Do dental hygienists ever get cavities? Do accountants ever get audited? Do off-duty highway patrolmen ever get stopped for speeding?
And speaking of speeding, will it go better for you if, when you’re pulled over, you remember to use your blinker?
When sports fans talk about their favorite professional sports team, why do they say “we?” Does cursing the officials and punching the couch cushions make you a member of the team?
If pork is the other white meat, why is ham pink?
When the media announces that some important person is leaving their job for other opportunities, why don’t they tell us what those opportunities are? I want to know. And when they say they’re leaving to spend more time with their family, why don’t they tell us how the family feels about it?
If they can make a self-cleaning oven, why can’t they make a self-cleaning refrigerator? And a self-cleaning shower? And a self-cleaning toilet? And a self-shoveling driveway? And a self-mowing lawn? Is that asking too much?
Why don’t the kinks you make in your hair with your curling iron last as long as the ones you make when you take a ten-minute nap?
Is it bad to wear night cream during the day?
Why has there been a sudden rash of e-mail from people desperately needing to get millions of dollars out of their countries and wanting me to help them do it? Do I look gullible? Don’t answer that.
And speaking of that, why is it called spam instead of something more appropriate, like electronic cow manure or e-poo?
Why do advertisers show skinny models eating fatty foods? Is that the only time the poor things get to eat?
How do people live in the same house for years and not know where the Kleenex and paper towels are stored? And how does someone who can go through a roll of paper towels in three days do without them indefinitely until mom finally breaks down and goes to the basement for more?

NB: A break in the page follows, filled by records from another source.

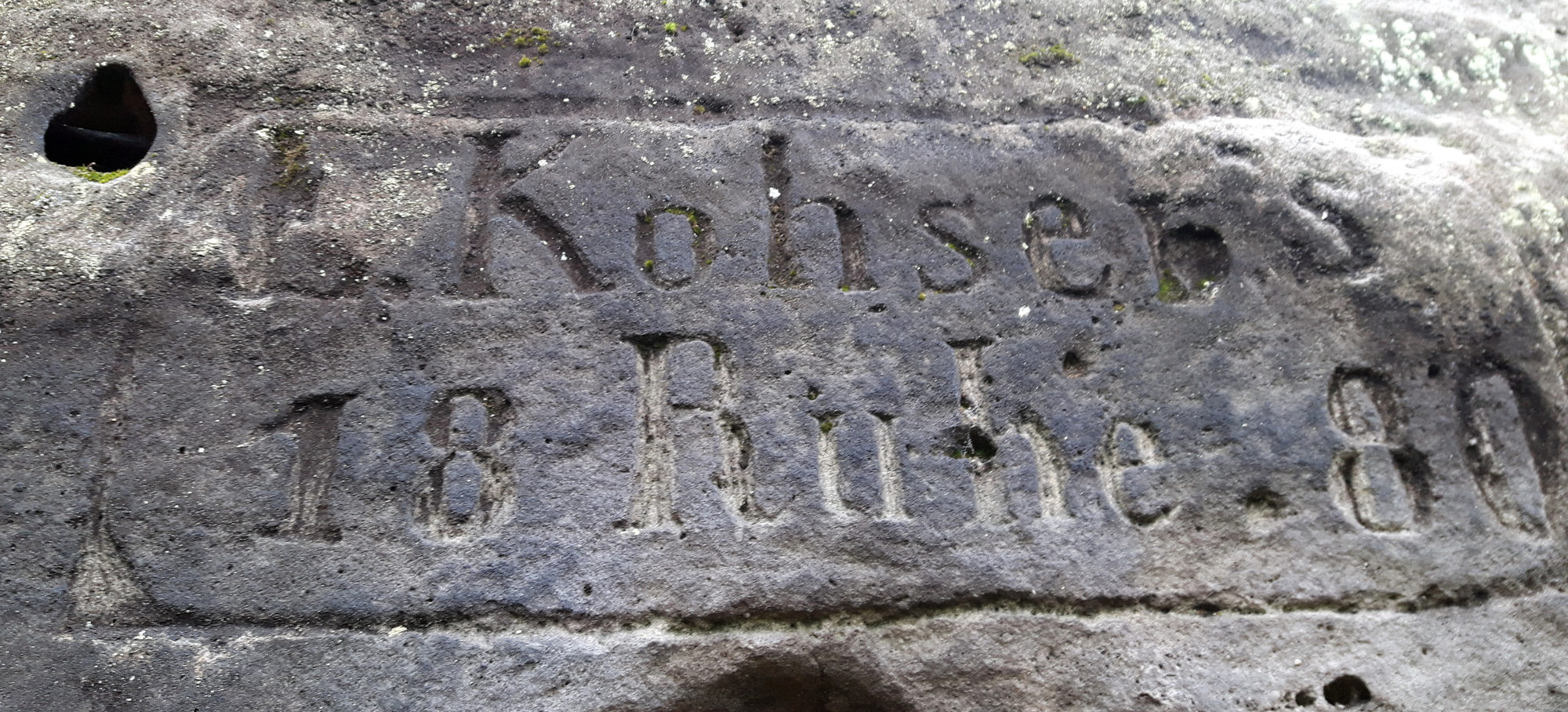 L. Kohsebs 1880 Ruhe?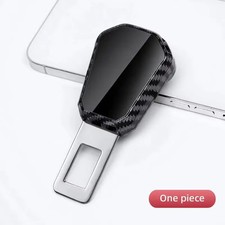 High Quality Metal Car Seat Belt Extender Clip Buckle Plug Auto Safety Strap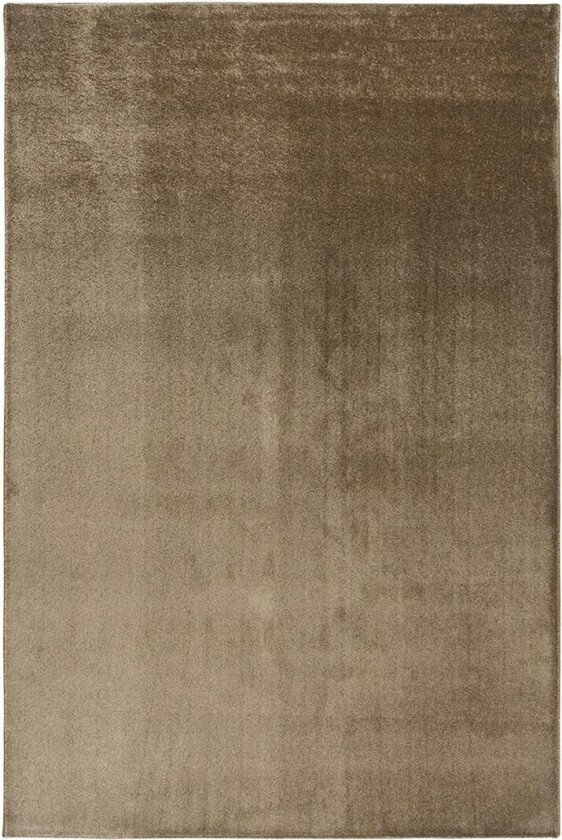 Satine Matte 80x250 cm Brun - Vm Carpet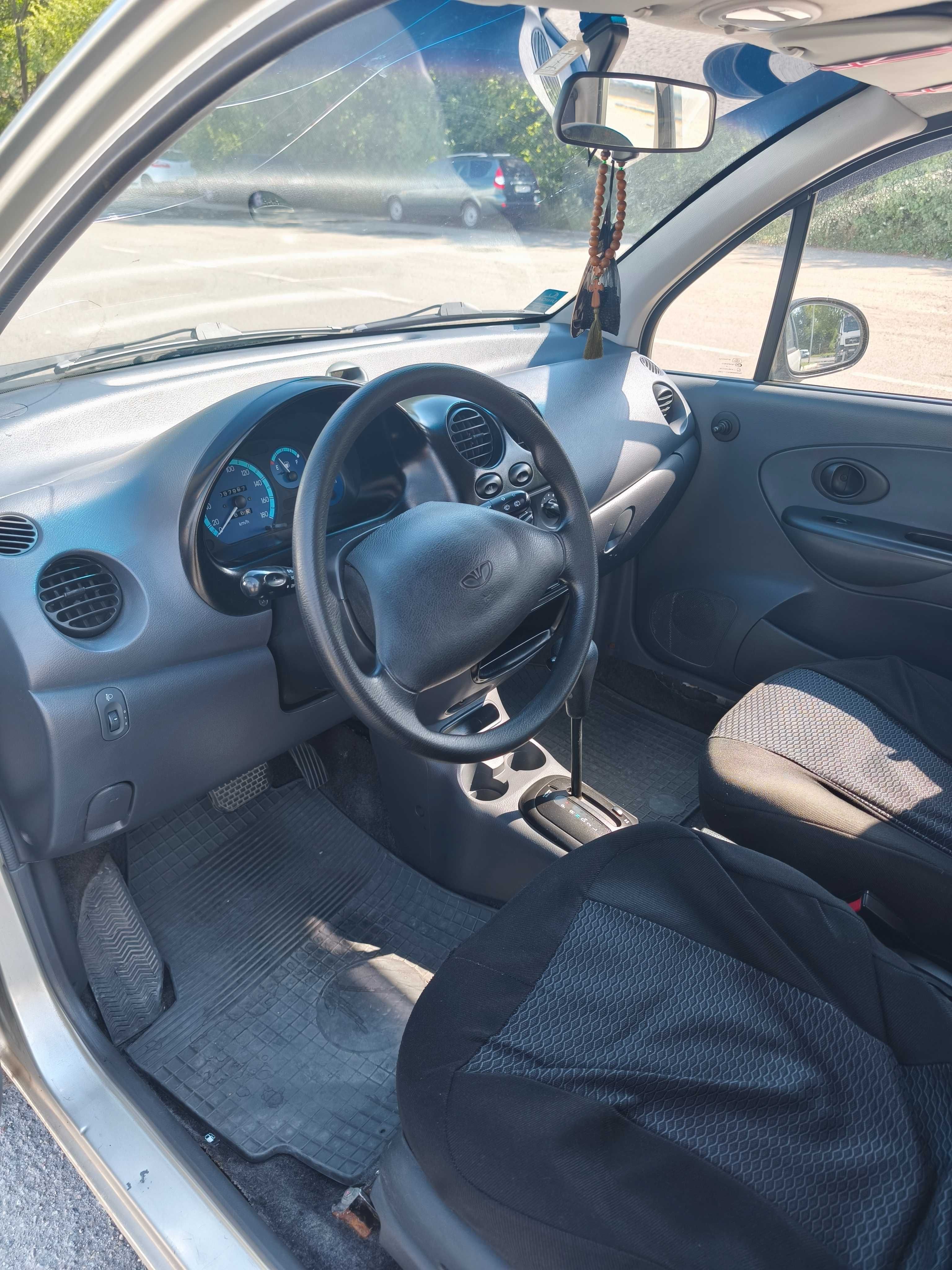 Продам Matiz 0.8, Кондиционер, Автомат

Why don’t snorers wake themselves up like they do everybody else?
Why do baseball players have to spit so much? Do they have more saliva than the rest of us do?
Why does it take longer to clean up a mess than it does to make it?
Why do socks work on either foot, but shoes don’t?
And speaking of socks, if I’m going to lose at least two every time I do the laundry, why can’t they be from the same pair?
Why is it a “pair of pants” rather than a pant with a pair of legs? It’s a shirt with a pair of sleeves, isn’t it?
And finally, there really are dumb questions, aren’t there?